雪花
帰り道
 外に出ると、背筋がピンと伸びた。寒い。空気が澄んでいる。

 冬がやってくる。

「雪華って、綺麗な名前やな」

「え?」

 学校からの帰り道。偶然にも相馬の家は、うちの近くのマンションなんだそうだ。

 誰かと一緒に帰るなんて久しぶりだ。

「せつか、やったよな」

「…よく知ってるね」

「当たり前やろ、クラスメートやねんから」

 …でもきっと、私の名前知ってる人はいないだろう。


 相馬は、よくしゃべって、よく笑う。
 いつも輪の中心にいる理由がわかる。


「雪花って、知っとる?」

「ゆきばな?」

「花びらが散るみたいに降る雪の事や。
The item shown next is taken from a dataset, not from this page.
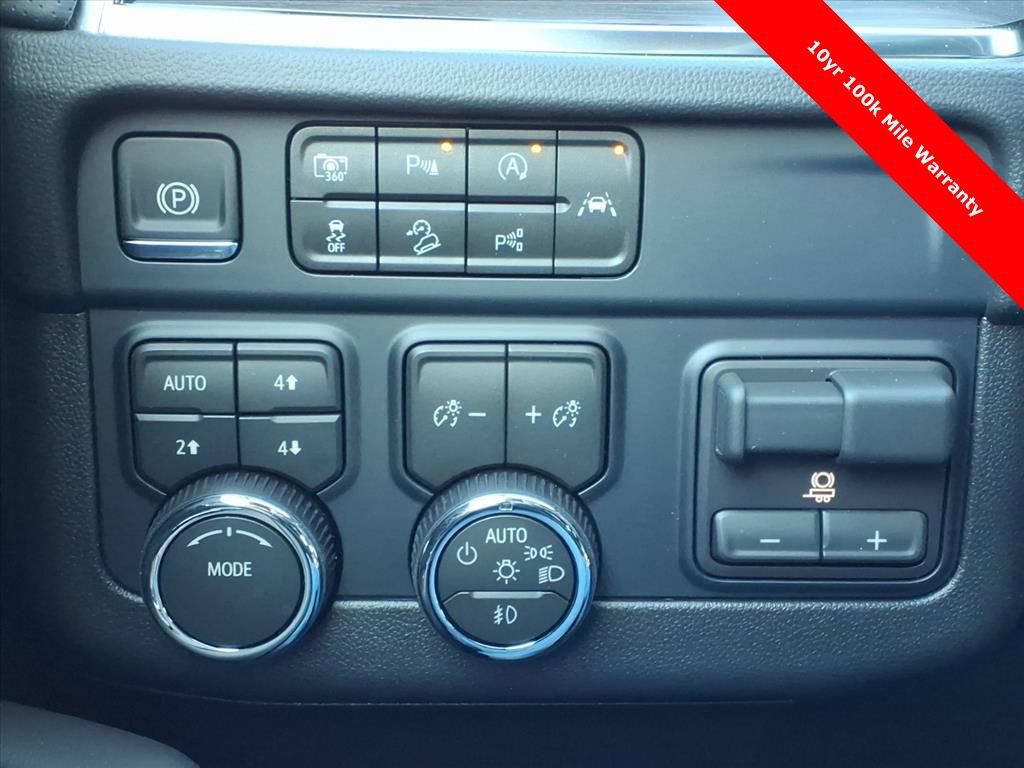 New 2026 Chevrolet Suburban Premier w/ Sun And Tow Package image 27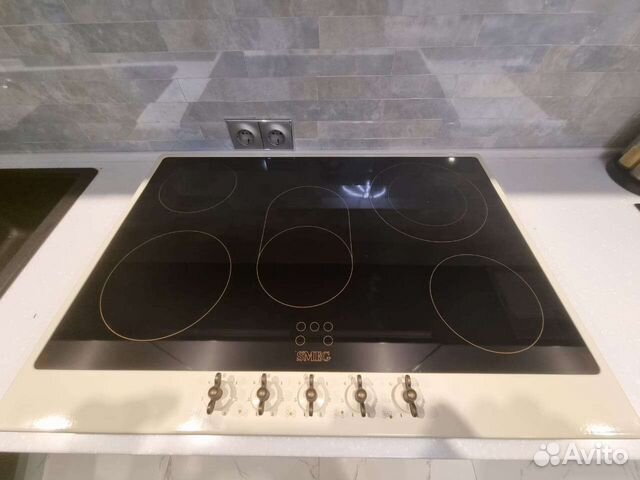 Продам новую варочную панель smeg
俺好きなんや」

 相馬は嬉しそうに言った。

「へぇ、子どもみたい」

 一瞬、相馬の表情が固まった。
 あ、まずい。またやった?

「やっぱり?よく言われんねん」

 あれ?気のせいだったのかな。

「それに…、雪華は大人っぽいからな」

「…え?」

 雪華って…

「イヤやった?」

「…やじゃない、けど」

 しゃべる度に、息が白くなる。空気が冷たい。なのに、なぜか寒くなかった。

「せっかく、綺麗な名前やねんから」

 相馬が笑う。初めて見た優しい笑顔。